*Task to complete:* Where the records below reach the line containing "PJKJB12260 CHRISTIAN AUJARD", start transcribing, and end with the line containing "Machine Washable Persian", exactly and with nothing else added.

*Data supplied:*
-- Opening Marker --

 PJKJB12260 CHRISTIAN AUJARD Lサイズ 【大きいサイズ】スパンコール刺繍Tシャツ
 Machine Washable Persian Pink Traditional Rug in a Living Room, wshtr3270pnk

-- Closing Marker --
-- Opening Marker --

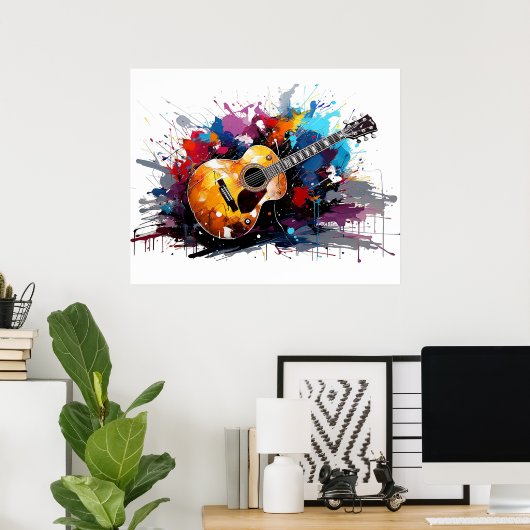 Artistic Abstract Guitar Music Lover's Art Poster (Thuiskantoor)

-- Closing Marker --

*Result:*
 PJKJB12260 CHRISTIAN AUJARD Lサイズ 【大きいサイズ】スパンコール刺繍Tシャツ
 Machine Washable Persian Pink Traditional Rug in a Living Room, wshtr3270pnk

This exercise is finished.